The new DPP must lay the foundation for the re-vamping of that office and returning it to the capable hands of career civil servants. The return to a professional, career-oriented civil service ought to be a focus of this government. It must stop the importation of yes men and women, at juicy contracts and exorbitant salaries. Instead, it must promote worthy career civil servants. For my part, one year seems sufficient time to get this process started.

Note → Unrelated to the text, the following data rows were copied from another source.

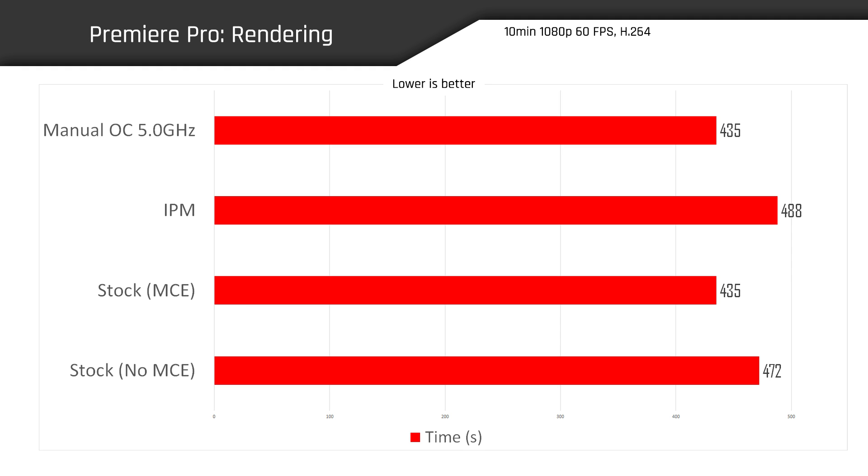Moving on to Premiere Pro — a rendering test with a 10-minute clip at 1080p 60FPS H.264, measured in seconds, lower is better. Our stock system rendered it in 472 seconds. With my manual overclock, we rendered it 8% faster at 435 seconds. IPM did not do very well here — it actually performed worse than stock, taking 3.4% longer to render the clip. I ran the test multiple times and this was the consistent result. MCE came in hot, getting 435 seconds, tying my manual overclock 5 gigahertz score.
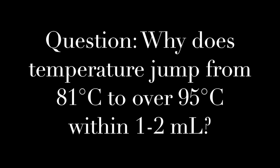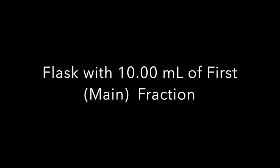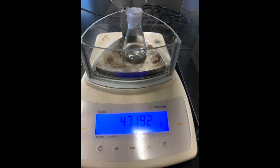You can see the appearance of the liquid is now quite different. We took our main fraction, which collected at nearly the same temperature, and measured its density. First, we weigh the empty flask with the parafilm. Then we pipette out exactly 10.00 milliliters using a volumetric pipette, place it into the flask, cover it, and take its mass. From the density we can then calculate the mass percent and volume percent of alcohol in our main ethanol fraction.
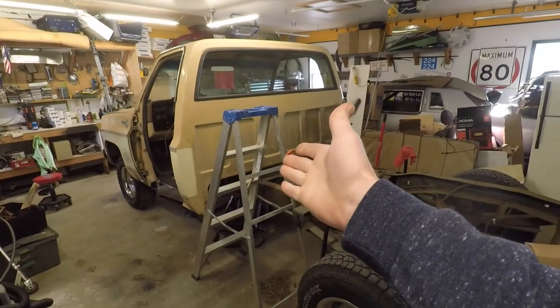Hey guys, welcome back to the channel. My name is Jason, this is Old Car Auto Guy. Today we're putting our new welding techniques into play on Project Dale.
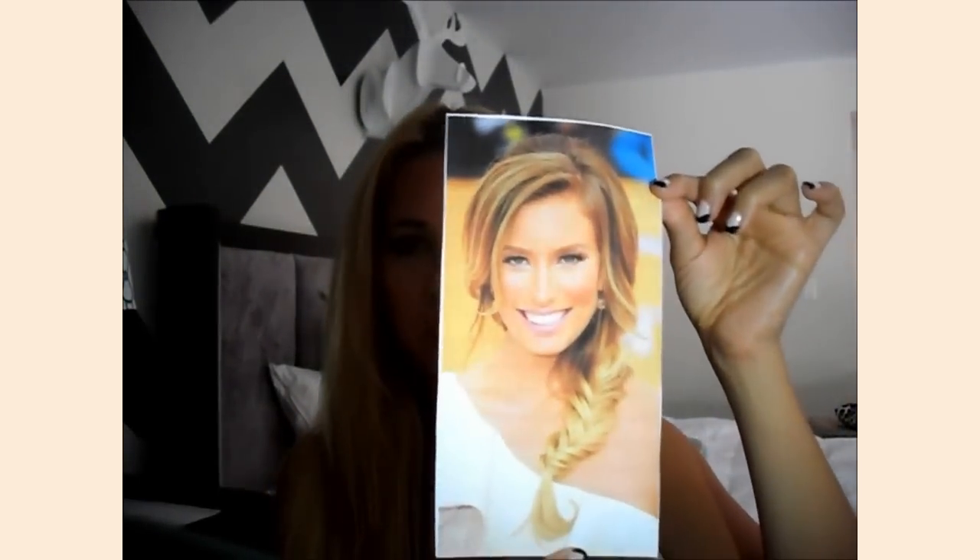It is a beautiful fishtail braid, and I just think it's the perfect, perfect, perfect fishtail braid. So I'm going to try to do it today.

Still, the government ought to take its time to meticulously compile evidence before bringing charges. However long it takes, it must bring criminals to justice. The expenditure of Taiwanese funds from a so-called ‘special account’ must be explained by Prime Minister Chastanet or a delegated Minister, disclosing where these monies were spent and when. This takes me to the appointment of a new Attorney General. How could the former Prime Minister, knowing how he felt and behaved when his party was returned to office in 2011, have renewed the contracts of persons such as the attorney general? The AG, Minister of Finance and the Prime Minister comprise the lynch pin of democratically elected governments. How could an AG (a part of the triumvirate) continue in office when the government changes? Will a new Prime Minister trust an AG appointed by his predecessor? Shouldn’t the spanking new mandate the government was given by the electorate be allowed to function, as it should? [A new AG was appointed earlier this week!]

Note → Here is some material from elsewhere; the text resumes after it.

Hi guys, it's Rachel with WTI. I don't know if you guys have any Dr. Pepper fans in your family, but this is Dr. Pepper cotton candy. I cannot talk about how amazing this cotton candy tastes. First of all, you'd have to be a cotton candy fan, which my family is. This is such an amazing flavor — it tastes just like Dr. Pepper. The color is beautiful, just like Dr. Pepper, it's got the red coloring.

The people want an end to corruption! They want the guilty to pay. That, to my mind, cannot and will not be done with an AG appointed by a former government. Ministers of the former government and their contractor friends, including non-accredited quantity surveyors and engine-fars, (not engineers), must be investigated. I challenge Prime Minister Allen Chastanet to make an example of those who have defrauded the island’s scarce resources to enrich themselves and their friends. But how can the new UWP government act if the enablers of the former regime are still in key positions within the civil service establishment?

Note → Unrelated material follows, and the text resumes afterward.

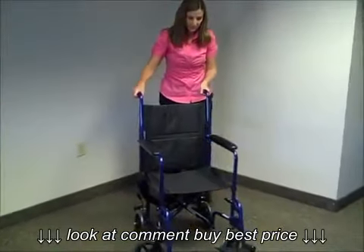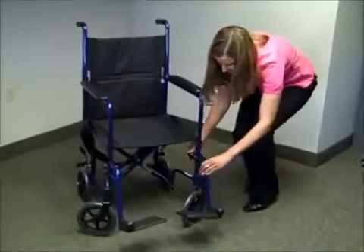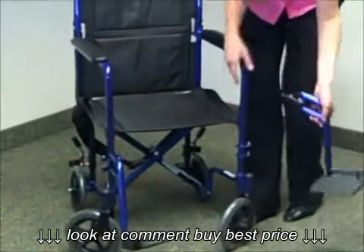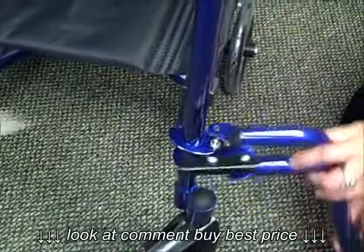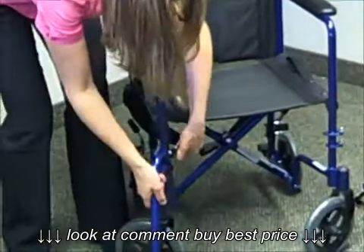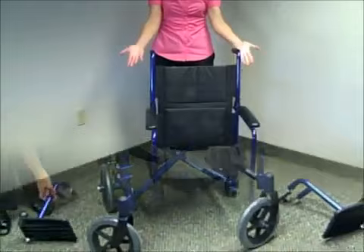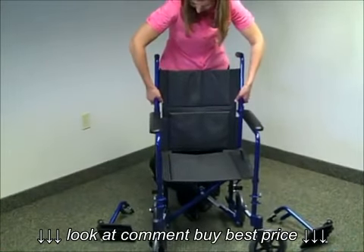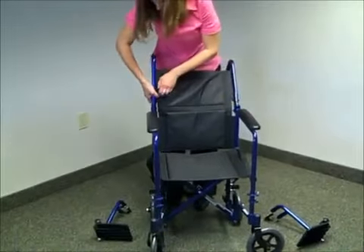To get it ready again to transport, first you want to remove the leg rest. Notice there's a black lever, just go ahead and pull that and remove the leg rest. Do the same to the other side. Next we want to fold down the back of the seat, so we're going to grab onto the black levers in the back and fold those down.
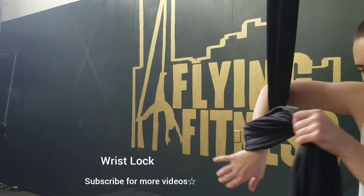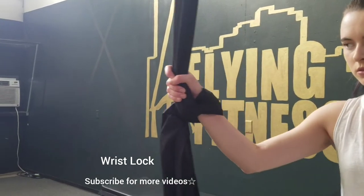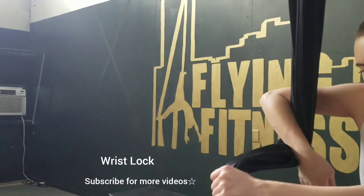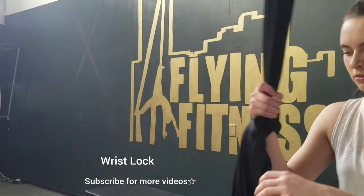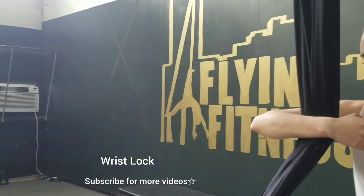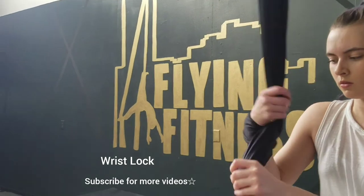Wrist lock on an aerial silk: bring your wrist onto the fabric, bring the hand under and grab on top of the fabric. It's important to make sure the wrap is below the bone. This is your wrist lock on the fabric.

I strongly advise the Prime Minister to act and let the axe fall where it must. The people expect to hear a clear plan in the PM’s address to the nation on October 31, as promised. Enough is enough! Frankly, I expect the appointment of an AG to break the bottlenecks in the system and expose past corruption for all to see—and some to feel.
I saw Minister Guy Joseph last Sunday evening on the TV show ‘Open Mike.’ My question to Mr. Joseph is: What next, after discovery of the shenanigans in the St. Jude hospital project? Will justice take its course? Enough is enough! It’s time to make an example so the people can see a serious government at work. This island needs a new dispensation of up-front, honest and incorruptible men and women, in government and in society generally. When the Prime Minister addresses the nation I wish to hear him to say in clear simple mono-syllables what his government is going to do about the person or persons who approved government expenditures on projects where there were no plans, no completion date and seemingly no one in charge. That has never happened before in the history of government on this island.
Let both Allen Chastanet and his government be warned; the people of Saint Lucia are not foolish, they are watching. That much is known. The eventual removal of VAT and its substitution by a suitable tax must proceed hand in hand with the arrest and charging of those who may have defrauded or helped to defraud the national treasury. Enough is enough!
Finally, when politicians promise jobs-jobs-jobs during an election campaign, what should they offer persons who already have a job? I suggest the following: police presence on the streets and roads with back-up technology; efficient garbage collection and disposal; trimming of overhanging trees and branches; clearing of drains to allow free flow of water; improved roads. Act now so that five years from now there’ll be no need to ask for whom the bed tolls!
The author is a former minister of government in the administrations headed by Allen Louisy and Sir John Compton.